Short routing test of the counter - placement works nicely

Now that we managed to define the logic gate implementation and synthesis into a netlist, it is time to figure out how to implement the gates on a PCB. The placementtool PCBPlacer.py in PCBFlow does this by breaking down logic gates into microcells that represent very basic circuit unit. The rationale is to create a minimum set of microcells to simplify the desing.
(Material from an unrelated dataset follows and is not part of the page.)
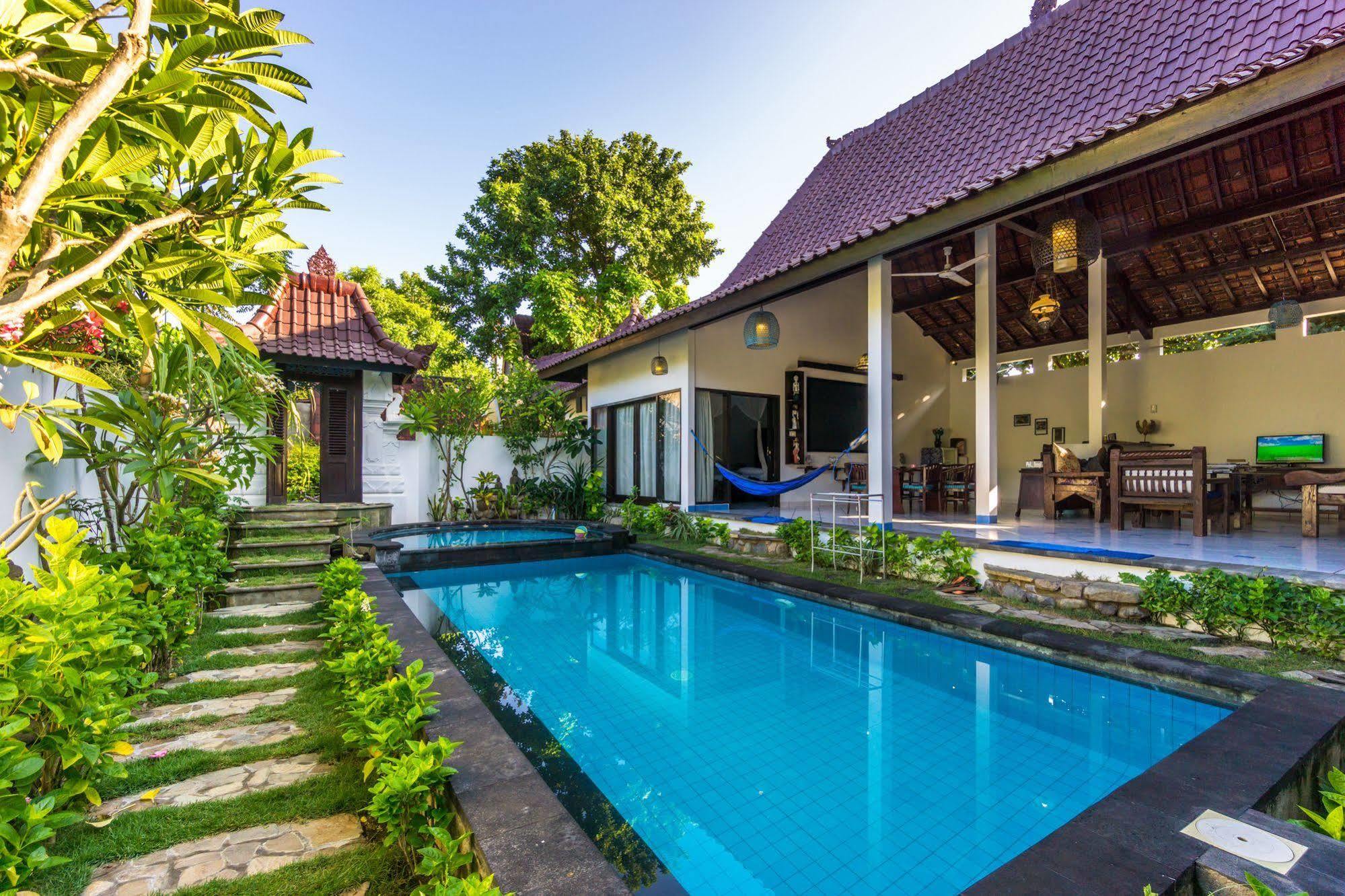Ambary House Gili Trawangan- 2 Bedroom Private Villa, Pool Екстериор снимка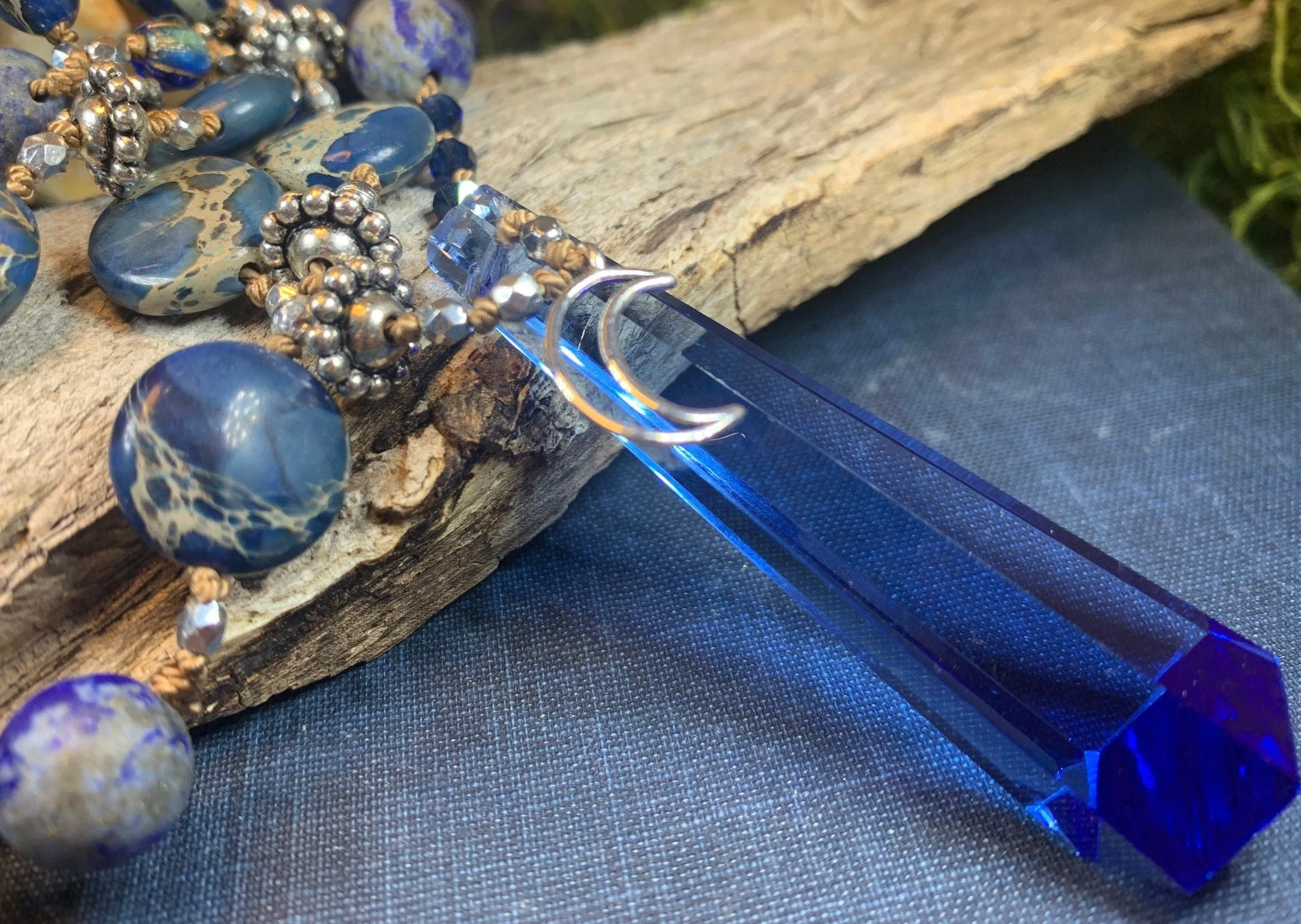 Midnight Moonsong Long Necklace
A secondary contrain is that each microcell should be roughly square shaped so that they can be arranged in a grid.

Currently supported gate types:

• NOT
• NAND2
• NAND3
• NAND4
• D-Flipflop

NOT-Gate / Inverter

The inverter can be directly implemented by a single NE555, hence it is not broken down further and represented by its on microcell ne_NOT.

The code to place a NE555 plus decoupling capacitor on the PCB is shown below.

    def insertNE555not(self, x, y, netin, netout, cellname=""):
        """Insert NE555 logic inverter """

        n_elements = self.n_board.find('elements')
        et.SubElement(n_elements, 'element', name = "Q"+cellname, library="discrete_logic_components", package="SOIC-8", value="NE555", x=str(x+1.6), y=str(y+3.7),rot="R90")
        self.countcomponent("NE555")

        self.addcontact('GND'   , "Q"+cellname, "1" ) # GND
        self.addcontact(netin   , "Q"+cellname, "2" ) # TRIG
        self.addcontact(netout  , "Q"+cellname, "3" ) # OUT
        self.addcontact('VCC'   , "Q"+cellname, "4" ) # RESET
#        self.addcontact(''     , "Q"+cellname, "5" ) # CONT
        self.addcontact(netin   , "Q"+cellname, "6" ) # THRESH
#        self.addcontact(''     , "Q"+cellname, "7" ) # DISCH
        self.addcontact('VCC'   , "Q"+cellname, "8" ) # VCC

        # always insert cap
        et.SubElement(n_elements, 'element', name = "C"+cellname, library="discrete_logic_components", package="CAP0402", value="CAP", x=str(x-1.8), y=str(y+3.7),rot="R90")
        self.countcomponent("cap")
        self.addcontact('VCC'  , "C"+cellname, "2" )
        self.addcontact('GND'  , "C"+cellname, "1" ) 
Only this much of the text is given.